(Beginning of Given data)

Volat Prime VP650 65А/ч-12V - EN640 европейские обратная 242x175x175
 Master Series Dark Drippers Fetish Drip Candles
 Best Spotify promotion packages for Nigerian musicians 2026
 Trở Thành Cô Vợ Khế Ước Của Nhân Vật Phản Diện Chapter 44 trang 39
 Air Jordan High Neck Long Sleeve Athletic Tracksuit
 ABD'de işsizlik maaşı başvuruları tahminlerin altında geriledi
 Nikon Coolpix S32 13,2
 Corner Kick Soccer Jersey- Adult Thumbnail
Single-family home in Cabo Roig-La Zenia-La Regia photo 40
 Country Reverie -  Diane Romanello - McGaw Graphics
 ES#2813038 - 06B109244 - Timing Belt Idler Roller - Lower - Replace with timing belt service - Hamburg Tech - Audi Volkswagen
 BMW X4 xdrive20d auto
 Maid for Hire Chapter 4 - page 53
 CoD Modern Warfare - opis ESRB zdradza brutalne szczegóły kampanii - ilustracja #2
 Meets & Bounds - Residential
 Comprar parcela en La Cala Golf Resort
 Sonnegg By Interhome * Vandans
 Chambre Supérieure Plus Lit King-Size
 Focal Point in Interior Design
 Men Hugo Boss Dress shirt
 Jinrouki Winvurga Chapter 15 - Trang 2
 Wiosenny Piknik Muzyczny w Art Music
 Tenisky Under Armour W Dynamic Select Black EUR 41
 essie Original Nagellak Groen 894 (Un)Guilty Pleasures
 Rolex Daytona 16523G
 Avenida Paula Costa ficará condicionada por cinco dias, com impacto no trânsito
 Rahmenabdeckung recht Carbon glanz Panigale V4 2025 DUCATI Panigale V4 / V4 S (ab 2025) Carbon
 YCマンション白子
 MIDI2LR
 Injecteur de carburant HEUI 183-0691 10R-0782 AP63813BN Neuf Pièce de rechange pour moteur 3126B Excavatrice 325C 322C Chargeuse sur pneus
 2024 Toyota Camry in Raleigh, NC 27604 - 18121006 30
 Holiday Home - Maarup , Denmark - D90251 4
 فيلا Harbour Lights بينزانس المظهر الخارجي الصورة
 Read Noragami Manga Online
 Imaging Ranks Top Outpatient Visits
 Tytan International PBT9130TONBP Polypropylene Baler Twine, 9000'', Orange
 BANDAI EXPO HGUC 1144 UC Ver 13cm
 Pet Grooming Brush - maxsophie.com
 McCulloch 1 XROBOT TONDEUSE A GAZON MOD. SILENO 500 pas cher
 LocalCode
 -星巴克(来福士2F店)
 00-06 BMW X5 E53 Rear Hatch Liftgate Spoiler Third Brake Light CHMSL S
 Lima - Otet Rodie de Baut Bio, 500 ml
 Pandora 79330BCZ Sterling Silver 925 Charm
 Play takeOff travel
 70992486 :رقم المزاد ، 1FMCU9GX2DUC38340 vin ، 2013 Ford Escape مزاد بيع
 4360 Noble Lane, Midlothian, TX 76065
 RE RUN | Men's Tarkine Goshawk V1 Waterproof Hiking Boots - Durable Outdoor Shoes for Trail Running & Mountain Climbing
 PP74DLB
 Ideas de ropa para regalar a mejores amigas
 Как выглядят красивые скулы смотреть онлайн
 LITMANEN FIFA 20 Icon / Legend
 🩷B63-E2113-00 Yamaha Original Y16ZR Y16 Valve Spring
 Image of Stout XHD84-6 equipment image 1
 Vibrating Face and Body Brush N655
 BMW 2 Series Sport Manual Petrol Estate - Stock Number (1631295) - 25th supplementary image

(End of Given data)

Task to carry out — All lines from the one that holds "Injecteur de carburant" to the end of the entries above must be transcribed exactly, both ends included, and no others.

Task result —
 Injecteur de carburant HEUI 183-0691 10R-0782 AP63813BN Neuf Pièce de rechange pour moteur 3126B Excavatrice 325C 322C Chargeuse sur pneus
 2024 Toyota Camry in Raleigh, NC 27604 - 18121006 30
 Holiday Home - Maarup , Denmark - D90251 4
 فيلا Harbour Lights بينزانس المظهر الخارجي الصورة
 Read Noragami Manga Online
 Imaging Ranks Top Outpatient Visits
 Tytan International PBT9130TONBP Polypropylene Baler Twine, 9000'', Orange
 BANDAI EXPO HGUC 1144 UC Ver 13cm
 Pet Grooming Brush - maxsophie.com
 McCulloch 1 XROBOT TONDEUSE A GAZON MOD. SILENO 500 pas cher
 LocalCode
 -星巴克(来福士2F店)
 00-06 BMW X5 E53 Rear Hatch Liftgate Spoiler Third Brake Light CHMSL S
 Lima - Otet Rodie de Baut Bio, 500 ml
 Pandora 79330BCZ Sterling Silver 925 Charm
 Play takeOff travel
 70992486 :رقم المزاد ، 1FMCU9GX2DUC38340 vin ، 2013 Ford Escape مزاد بيع
 4360 Noble Lane, Midlothian, TX 76065
 RE RUN | Men's Tarkine Goshawk V1 Waterproof Hiking Boots - Durable Outdoor Shoes for Trail Running & Mountain Climbing
 PP74DLB
 Ideas de ropa para regalar a mejores amigas
 Как выглядят красивые скулы смотреть онлайн
 LITMANEN FIFA 20 Icon / Legend
 🩷B63-E2113-00 Yamaha Original Y16ZR Y16 Valve Spring
 Image of Stout XHD84-6 equipment image 1
 Vibrating Face and Body Brush N655
 BMW 2 Series Sport Manual Petrol Estate - Stock Number (1631295) - 25th supplementary image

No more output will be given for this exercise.